Now, we're not expecting students to actually memorise specific examples, but ability to memorise is a pretty good proxy for how well the example fits in their head - if you can't easily remember what should be a fairly simple example, that's a sign that there's too much going for you to really figure it out and you're trying to learn too much at once.

This sort of translation into a high level representation is what theory does for you, and lets you organise your mental library of examples.

Theory helps you generalise

As well as helping you remember examples you've seen before, theory lets you adapt those previous examples to your needs.

This high level representation does a number of important things for us:

  1. It allows us to understand the meaning of the thing we are writing in terms of what we are trying to do rather than the literal characters on the screen.

  2. This makes it easier to remember because we can remember "Create a dictionary called user" separately from the literal syntax for creating a dictionary. We still have to remember both, but the latter is a fact we can more easily look up and will use often enough to remember.

  3. It lets us make predictions for what we would see if we changed the example.
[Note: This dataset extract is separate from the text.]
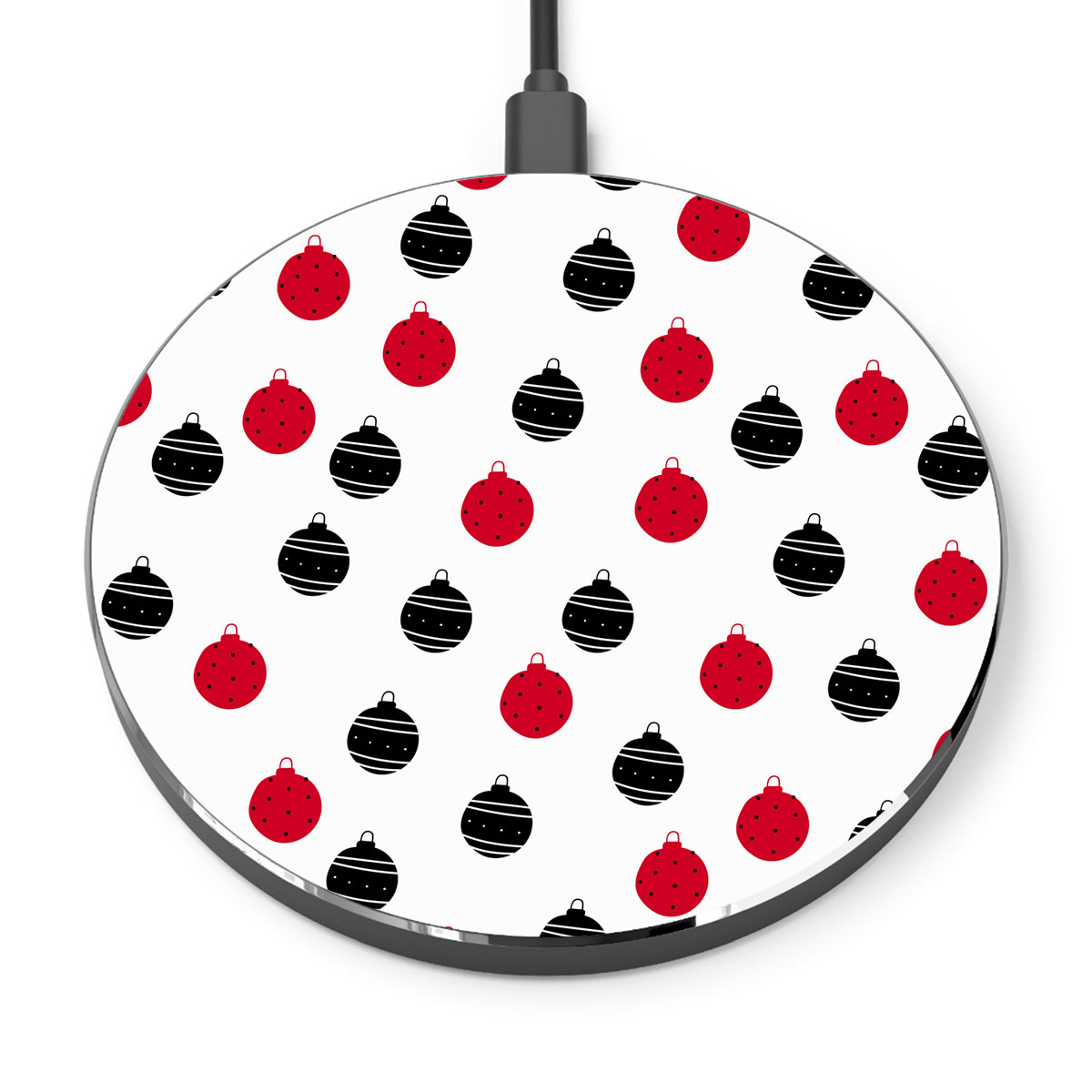 Hand Drawn Black and Red Christmas Balls Seamless Pattern Printed Wireless Charger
Doing (the right) things is the most important

This particularly shows up in the trial and error process of learning. While you are still floundering around trying to figure things out, good specific examples are especially important because you will lean hard on emulating examples, so having good examples to emulate is crucial.


This is where I stalled. I'm not quite sure why. I think partly the post was getting too long, and I didn't know how to continue, or I ran out of energy.

It's a known problem that I'm very bad at revisiting things once I've stopped writing them, and as a result I tend to fail to finish longer pieces. I would like to work on that but have not yet managed.